Writing custom synchronisation primitives.

References: - src/sync/mutex.go — the mutex itself, ~250 lines. - src/sync/rwmutex.go — the RW mutex. - src/runtime/sema.go — semaphore-based parking, used by Mutex/RWMutex/WaitGroup. - src/runtime/lock_futex.go / lock_sema.go — the OS-specific primitives.

Anatomy of `sync.Mutex`¶

// src/sync/mutex.go
type Mutex struct {
    state int32
    sema  uint32
}

That is the entire data structure. Two 32-bit fields — total size 8 bytes (depending on alignment).

state is a packed bitfield: locked, woken, starving, plus a count of waiting goroutines.
sema is a runtime semaphore handle, used to park goroutines that are waiting.

There is no constructor. The zero value is unlocked, no waiters, normal mode, sema unallocated. Lock's first call may lazily initialise the sema.

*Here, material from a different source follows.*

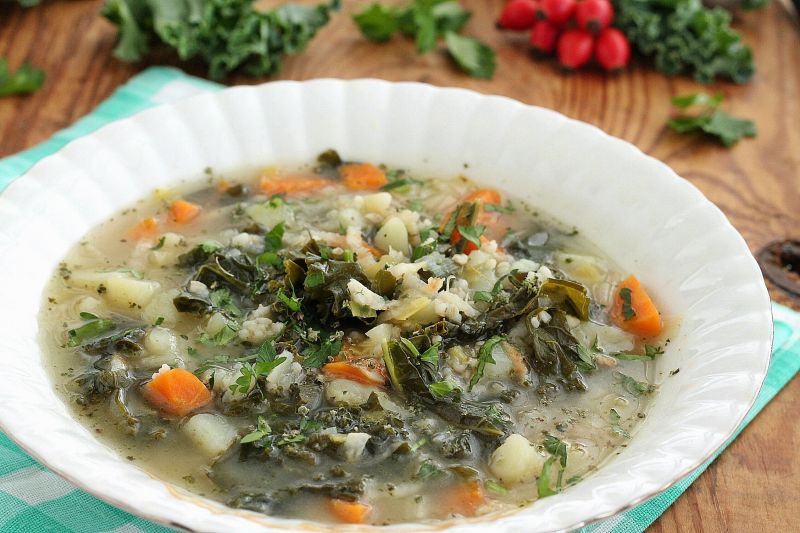 Jarmużowa zupa z kaszą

The State Word: Bits and Their Meaning¶

The 32-bit state is interpreted as:

 31                                                 3 2 1 0
+-----------------------------------------------------+-+-+-+
| number of waiters (29 bits)                         |S|W|L|
+-----------------------------------------------------+-+-+-+
   L = mutexLocked      bit 0   -- 1 if locked
   W = mutexWoken       bit 1   -- 1 if a waiter has been signalled
   S = mutexStarving    bit 2   -- 1 if the mutex is in starvation mode
   waiters count = state >> 3

Constants in sync/mutex.go:

const (
    mutexLocked      = 1 << iota // 1
    mutexWoken                   // 2
    mutexStarving                // 4
    mutexWaiterShift = iota      // 3
)

To increase the waiter count by 1: atomic.AddInt32(&m.state, 1<<mutexWaiterShift).

The choice of packing all this state into one word is critical: it lets Lock and Unlock use a single CAS in the fast path.

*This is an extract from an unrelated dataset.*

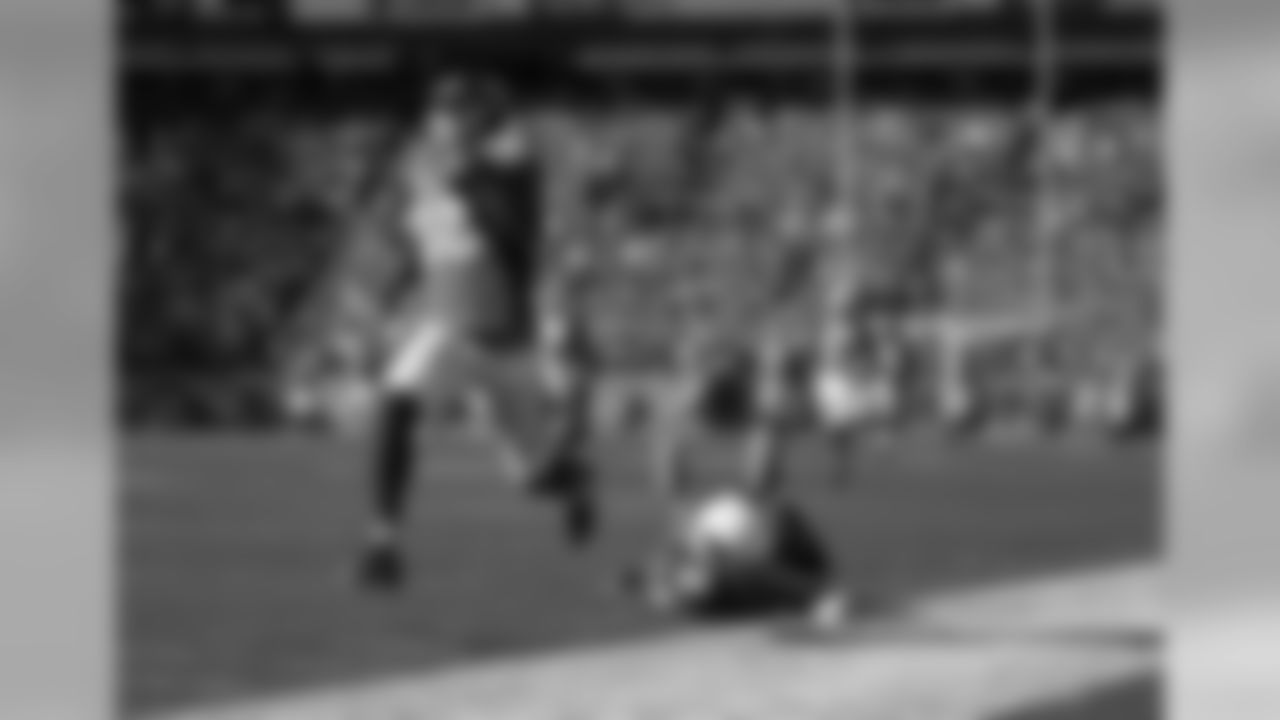 during second quarter action against the Arizona Cardinals during the preseason game at Sports Authority Field at Mile High in Denver, CO, {month name} 05, 2014.
Photo by Gabriel Christus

`Lock` Path: Fast, Slow, Park¶

Fast path (uncontended)¶

func (m *Mutex) Lock() {
    if atomic.CompareAndSwapInt32(&m.state, 0, mutexLocked) {
        return
    }
    m.lockSlow()
}

Single CAS. Cost: ~25ns on x86-64. This is the common case under low contention.

Slow path (`lockSlow`)¶

When the CAS fails, the goroutine enters lockSlow, which is roughly:

func (m *Mutex) lockSlow() {
    var (
        waitStartTime int64
        starving       bool
        awoke          bool
        iter           int
        old            = m.state
    )
    for {
        // 1) Try to spin if it makes sense.
        if old&(mutexLocked|mutexStarving) == mutexLocked && runtime_canSpin(iter) {
            // try to set woken bit so Unlock doesn't wake another
            if !awoke && old&mutexWoken == 0 && old>>mutexWaiterShift != 0 &&
                atomic.CompareAndSwapInt32(&m.state, old, old|mutexWoken) {
                awoke = true
            }
            runtime_doSpin()
            iter++
            old = m.state
            continue
        }

        // 2) Build the new state we want to install.
        new := old
        if old&mutexStarving == 0 {
            new |= mutexLocked    // optimistically take the lock if free
        }
        if old&(mutexLocked|mutexStarving) != 0 {
            new += 1 << mutexWaiterShift // increment waiter count
        }
        if starving && old&mutexLocked != 0 {
            new |= mutexStarving // we're entering starvation mode
        }
        if awoke {
            new &^= mutexWoken // clear the woken bit we set
        }

        // 3) CAS the new state.
        if atomic.CompareAndSwapInt32(&m.state, old, new) {
            if old&(mutexLocked|mutexStarving) == 0 {
                break // got the lock
            }
            // 4) Otherwise we're queued. Park.
            queueLifo := waitStartTime != 0
            if waitStartTime == 0 {
                waitStartTime = runtime_nanotime()
            }
            runtime_SemacquireMutex(&m.sema, queueLifo, 1)
            // 5) Woken up. Decide if we need to enter starvation.
            starving = starving || runtime_nanotime()-waitStartTime > starvationThresholdNs
            // 6) Re-attempt or take direct hand-off.
            old = m.state
            if old&mutexStarving != 0 {
                // Direct hand-off: we own the lock now.
                delta := int32(mutexLocked - 1<<mutexWaiterShift)
                if !starving || old>>mutexWaiterShift == 1 {
                    delta -= mutexStarving
                }
                atomic.AddInt32(&m.state, delta)
                break
            }
            awoke = true
            iter = 0
        } else {
            old = m.state
        }
    }
}

Steps: 1. Spin a few times if a CPU is available and the lock might soon be free. 2. Build the new state word with our intent (take, queue, starve). 3. CAS it in. 4. If we queued, sleep on the semaphore. 5. When woken, check whether the lock was handed to us directly (starvation mode) or we have to compete again.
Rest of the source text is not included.